Setting a Good Example with Passwords
After hearing some random people shout their passwords out, we as Programmers (and other IT peoples) should set a good example.
Recently, in my travels (in the travel agent), the lady serving me was unsure of how to book a couple of gnarly tickets, so she called one of the other staff members over. She had to log on to a new system to do it and was told, right in front of me, the username and password of the system. Further to this, I saw the web address of the site and was blatently public facing. I had all the details to be able to log on!

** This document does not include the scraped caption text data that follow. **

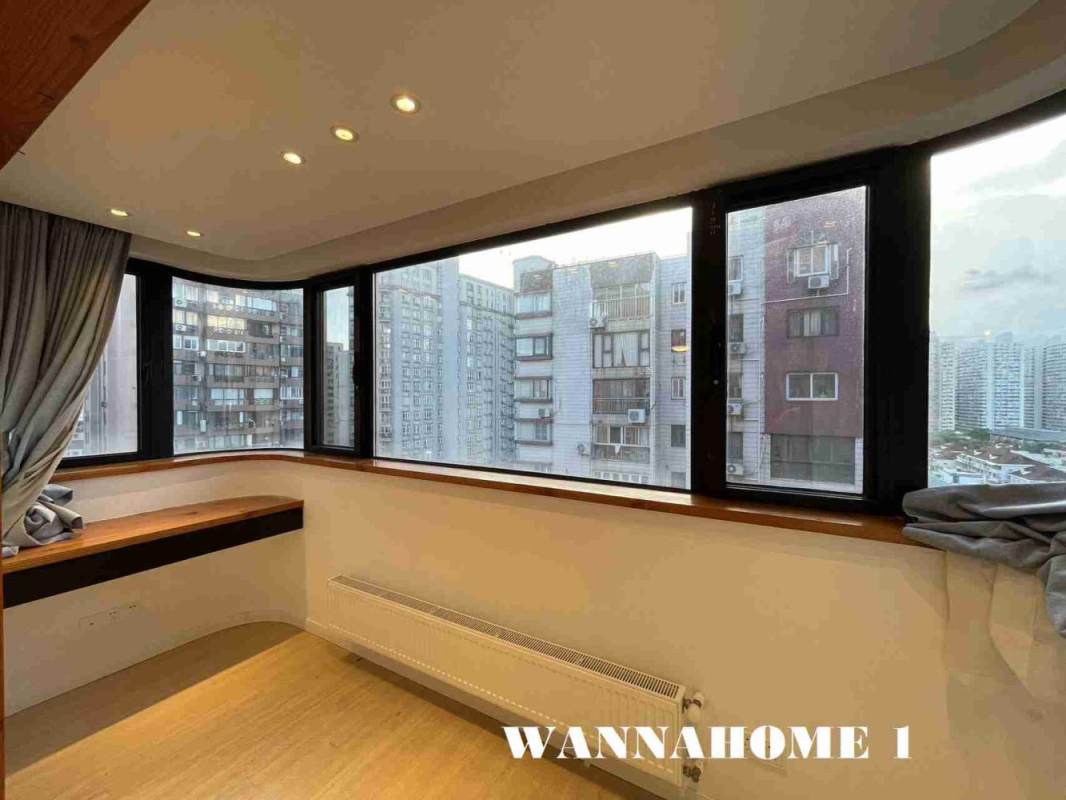 Housing image — Balcony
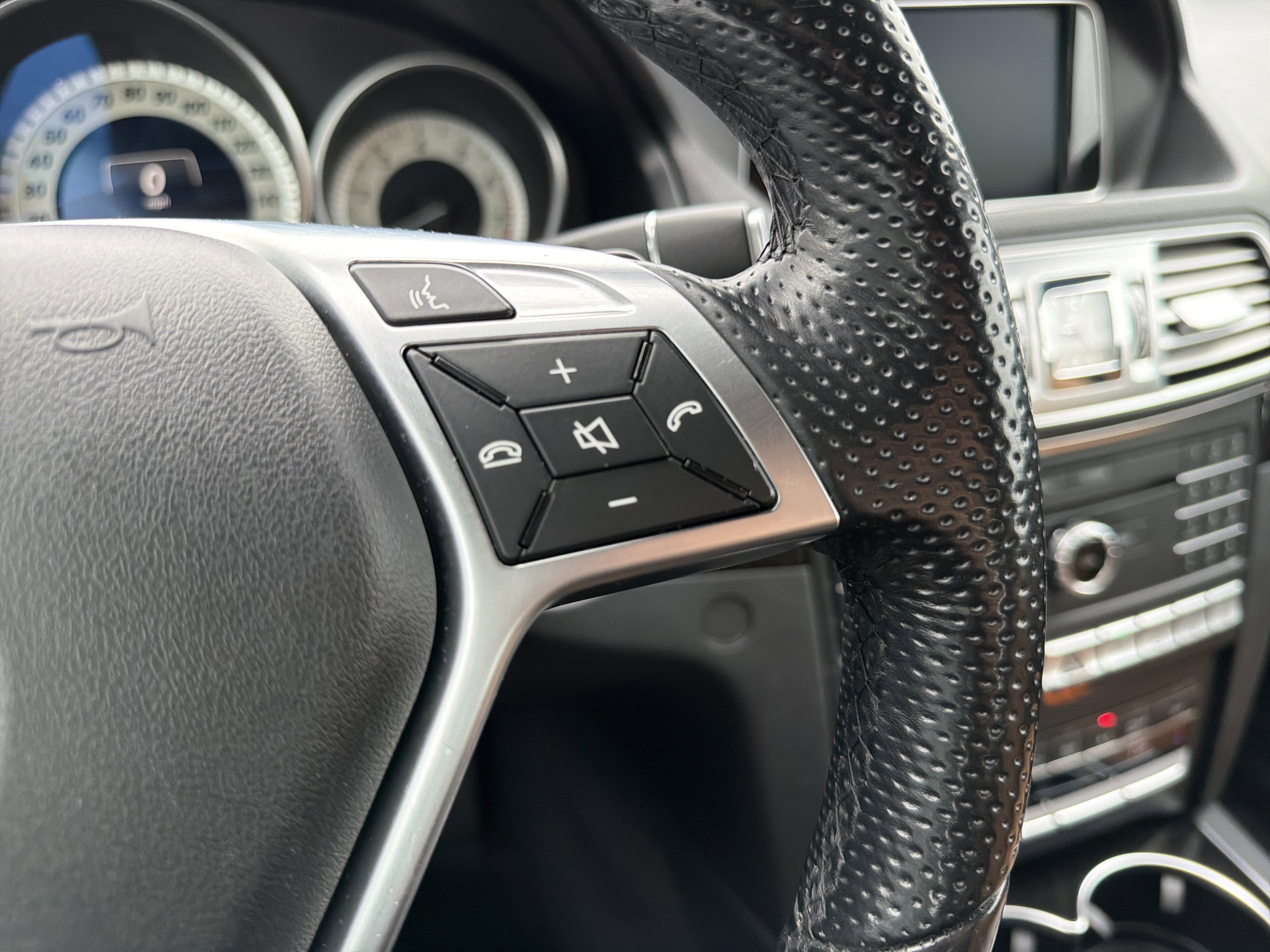 Used 2017 Mercedes-Benz E 400 Cabriolet image 20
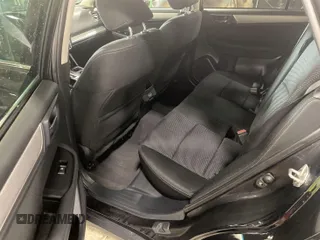 2018 Subaru Outback Premium z VIN 4S4BSAFC6J3328092, wystawiony jako IAAI lot #42566461 z przebiegiem 63 226 mil mil oraz . Historia ofert i sprzedaży dostępna na DreamBid. Obrazek 17.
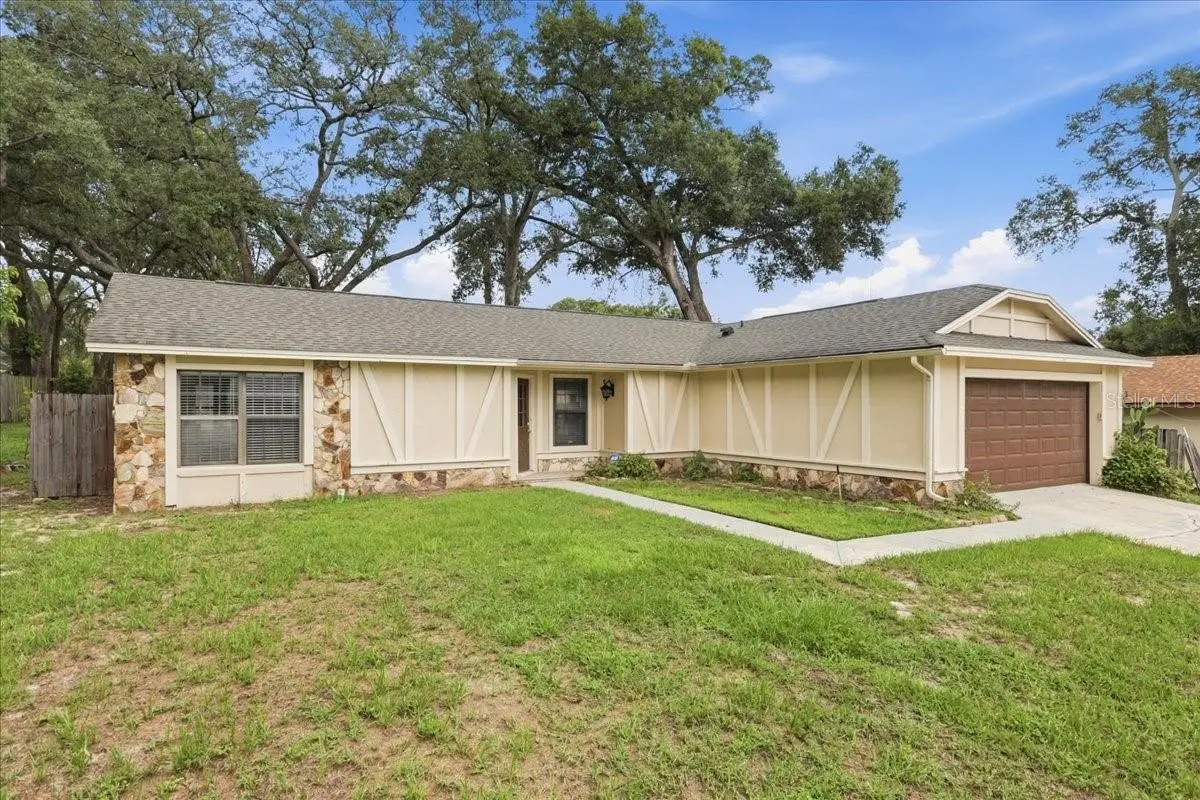 5045 Catspaw Court, FL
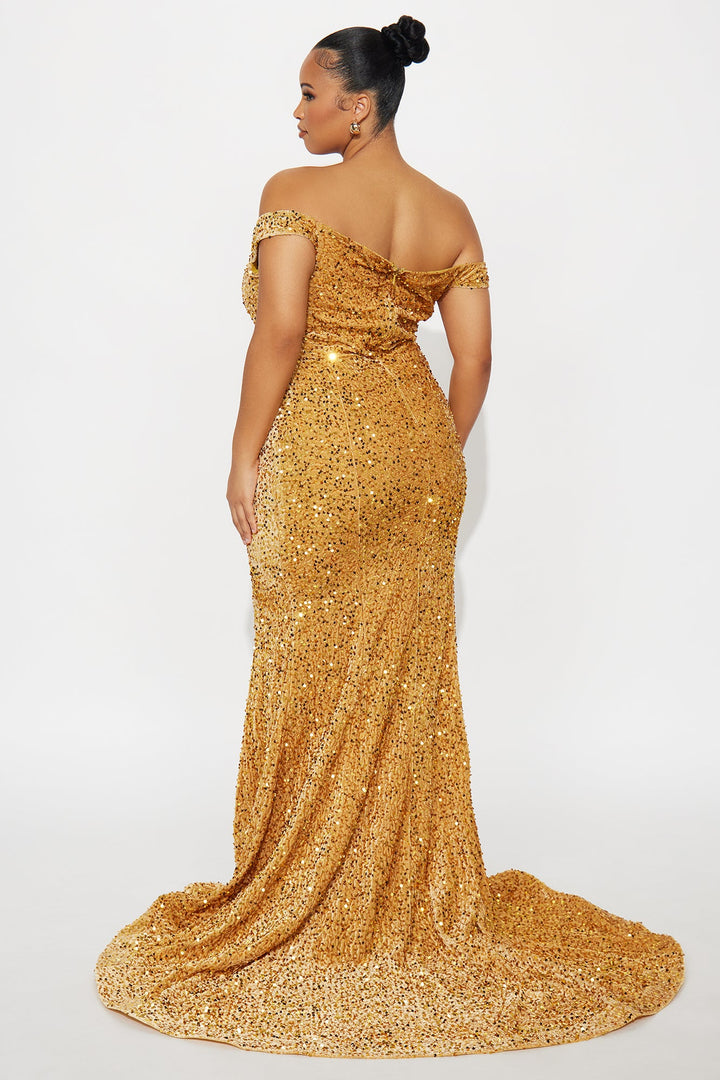 Alora Sequin Maxi Gown - Gold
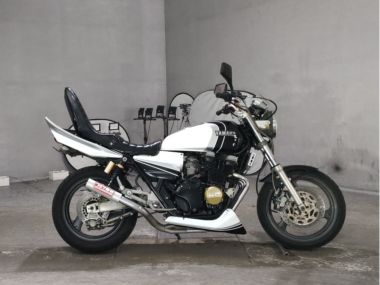 Yamaha XJR400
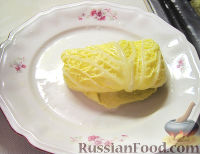 Фото приготовления рецепта: Шницели из савойской капусты в миндальной панировке - шаг №3
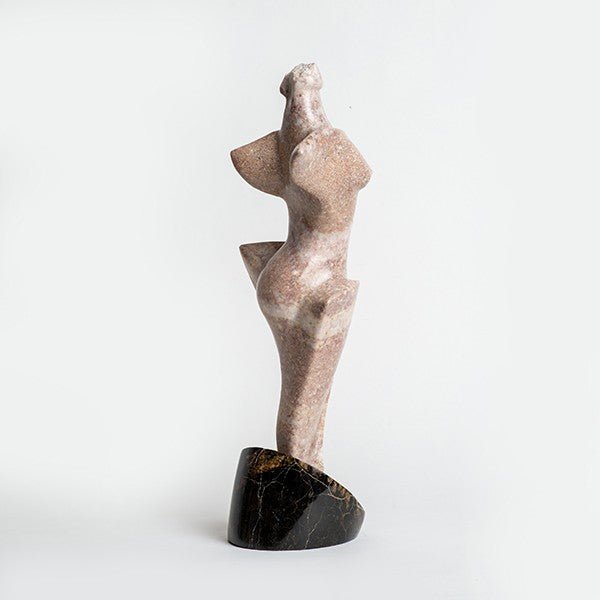 Bailarina clásica - Talla en piedra
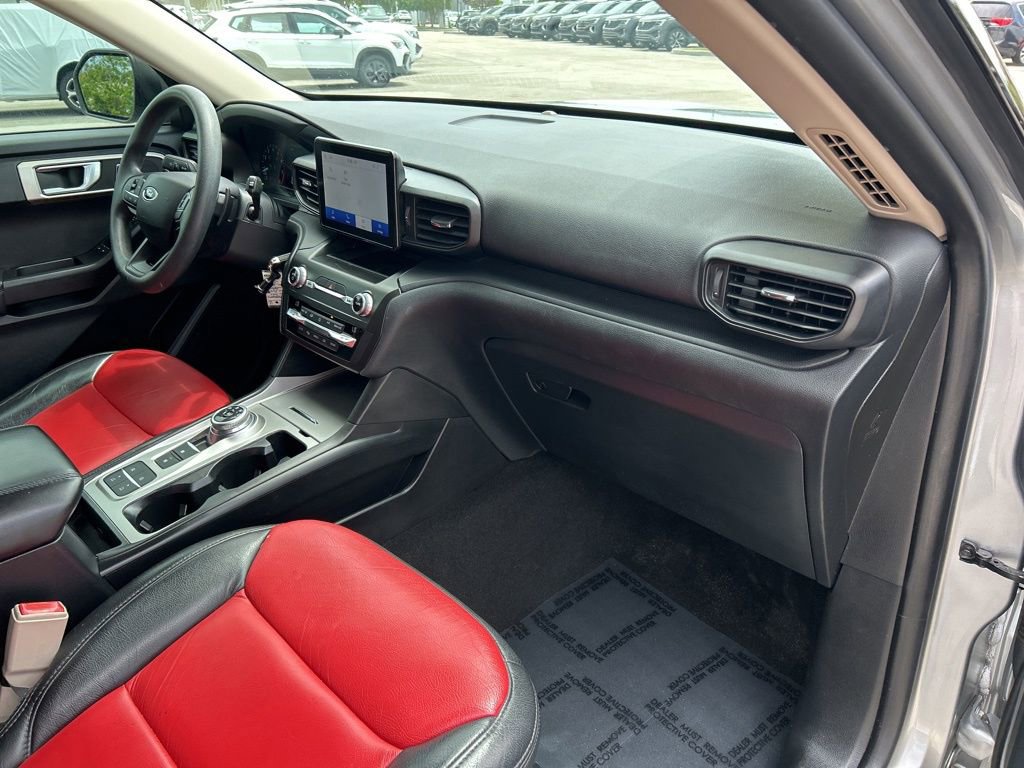 Used 2020 Ford Explorer 2WD w/ Class III Trailer Tow Package image 37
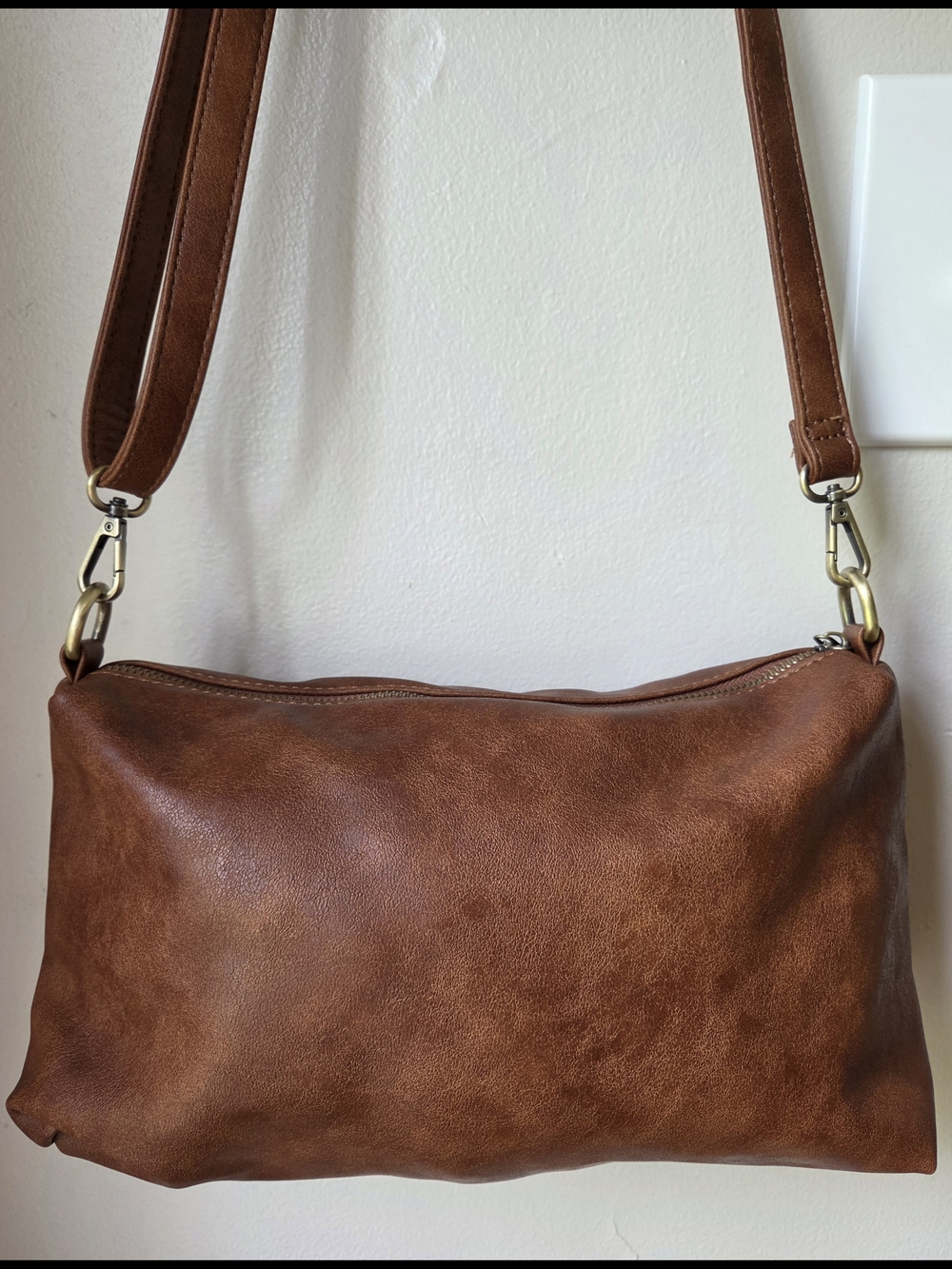 Brown Crossbody Bag - Classic Casual Carry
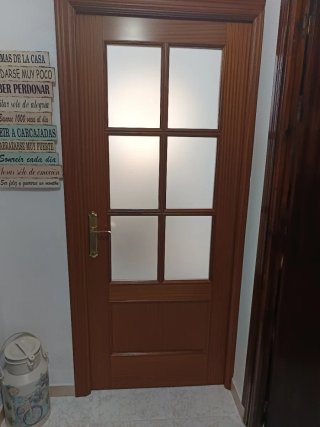 Puerta de madera con cristales
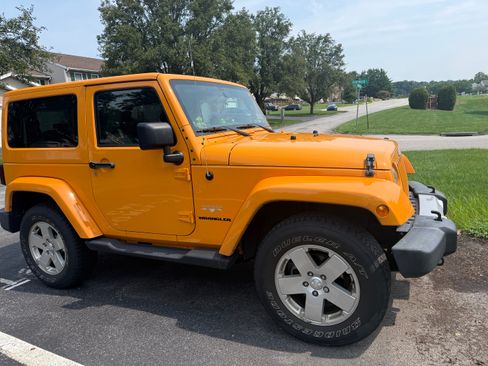 Used 2012 Jeep Wrangler Sahara w/ Connectivity Group AWD/4WD image 2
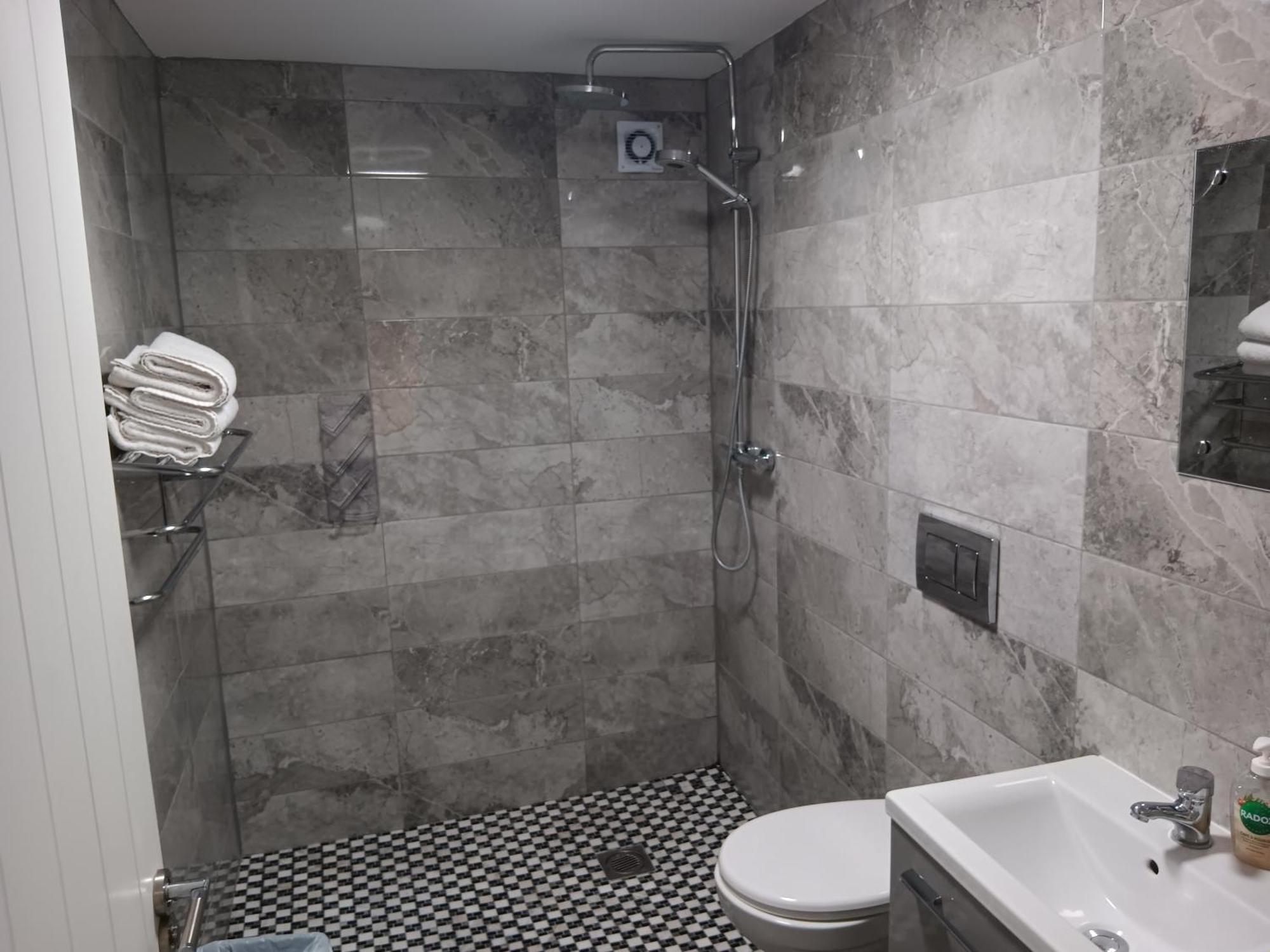 Matty'S Pub - Apartment'S คาร์โลว์ ห้อง รูปภาพ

I told here that I would try and 'forget' those details straight away. She knew I worked in IT and said "I guess you forget them all the time with having so many with your type of work". I said "Quite the opposite, it's exactly those sorts of things I remember". I was quite shocked at the plain inability to understand what passwords are actually used for - not that their password was any good anyhow.
Another time on my travels on the train, two school girls were talking about doing their homework on their parent's computers. One stated that she tried for an hour to log in to her Dad's machine by guessing the password. In the end she realised that no password had actually been set! This isn't so major, but it does make you think.
These two examples obviously show that we still need to educate the people regarding the security and effectiveness of having a good password.
It seems that most of us IT people know what constitutes a good password. You know, the usual no dictionary words, mixture of letters, characters and symbols, of a reasonable length and of course the old favourite, don't write it down.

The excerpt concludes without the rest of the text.